Discover Benelux, Issue 61, January 2019

Page 55

Discover Benelux  |  Food & Drink  |  A Taste of the Netherlands


Besides its famous cheese and peanut butter, a Dutch breakfast is not complete without a pot of apple butter or ‘stroop’ from Canisius. The sweet spread contains lots of fruit, appealing to all generations. “Our family has been producing apple butter for the last 115 years,” commercial director Jean-Pierre Henssen explains. “In 1903, Jean Canisius, my great-granduncle, had a fruit business. He got tired of throwing away the leftovers and decided to make apple butter from it instead.” At that time, the fruity spread was already very popular in their region of Limburg. Yet, nobody produced it on the scale Canisius did. Local farmers brought their apples to him, from which he made apple butter on commission. Over a century later, the wooden barrels and copper cauldrons have made room

for modern machines, but the original recipe remains. With its firmness, it distinguishes itself from other similar spreads. “That is all natural,” Henssen emphasises. “For one kilo of apple butter, we use seven kilos of fruit and nothing else.
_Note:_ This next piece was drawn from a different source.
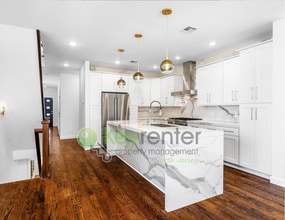275 Travers Pl in Lyndhurst, NJ - Building Photo - Building Photo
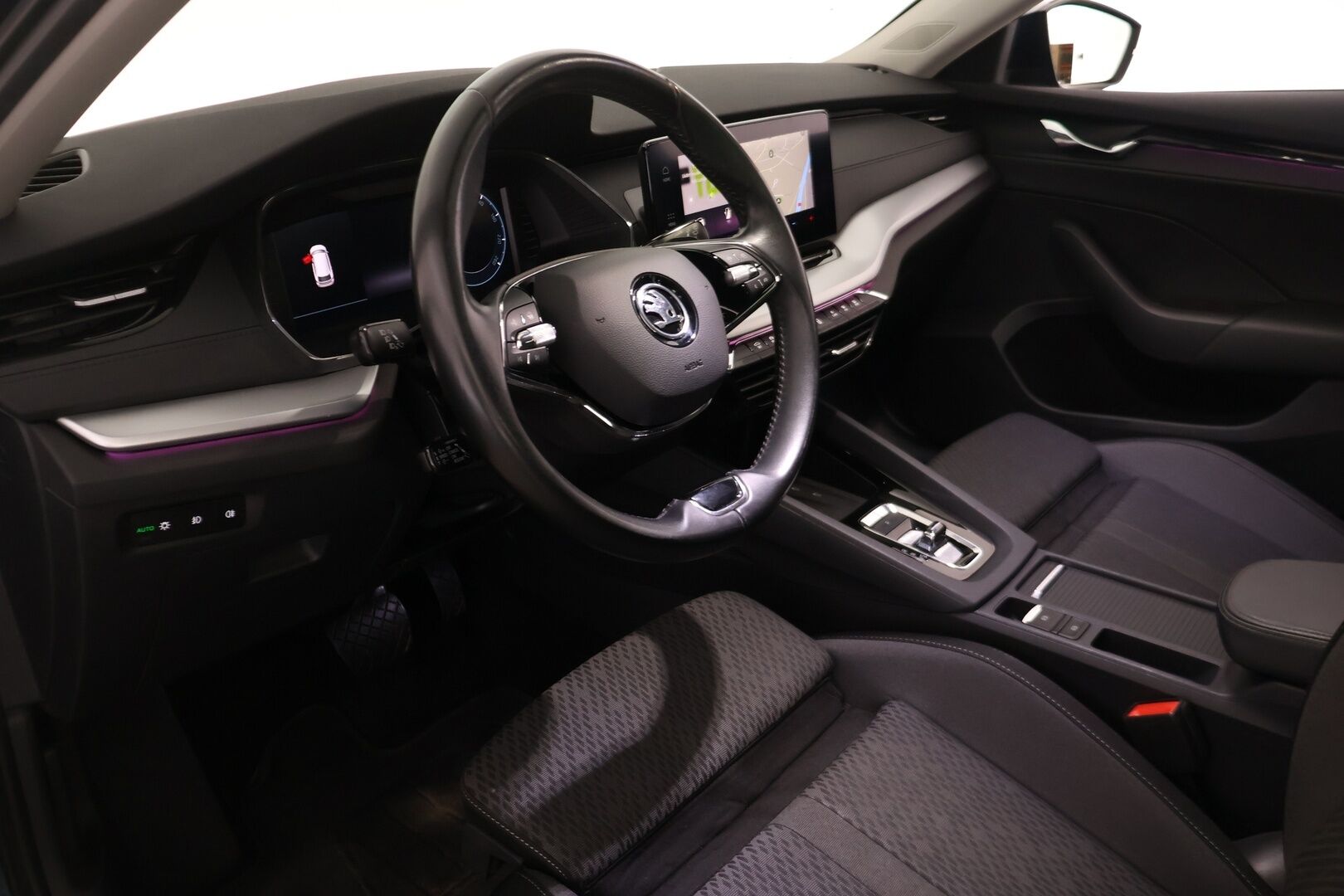 SKODA OCTAVIA 2023 Combi Ambition 2.0 TDI 110kW - ACC | Webasto | Koukku | Matrix LED | Hierovat penkit | P.kamera ja tutkat | Ambient | KeyLess | Navi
The quality of our product is the same as it was a century ago. Perhaps even better.” Though they traditionally work with apples and pears, red plums, sour cherries, berries and beets find their way to the factory as well. Their newest inventions are the apple butter dips: little pots of apple butter mixed with mustard, beer or figs and port. “Perfect as an appetiser or with tapas.” For the many Dutchmen abroad, Canisius exports its dark gold all around the world. Expats in many European countries as well as in Canada, Australia and South Africa can find it on the shelves. Even the Dutch royal family eats

it. On Canisius’ centennial in 2003, they received the title of ‘royal supplier’. “King Willem-Alexander was raised with our apple butter,” Henssen jokes. The apple butter is sold in a multitude of containers. One of them shows a picture of Henssen looking at the sweet spread when he was two. “It was a marketing idea of my father and became very popular. Today, we don’t sell this one as much anymore. Most people now prefer our original packaging: the red and golden tin cans.” This summarises the spirit of a company that puts quality ahead of progression. “We don’t want to grow but continue, renew and optimise what we do today. This way, we can continue for another 115 years.”


The once very popular container with Henssen on it.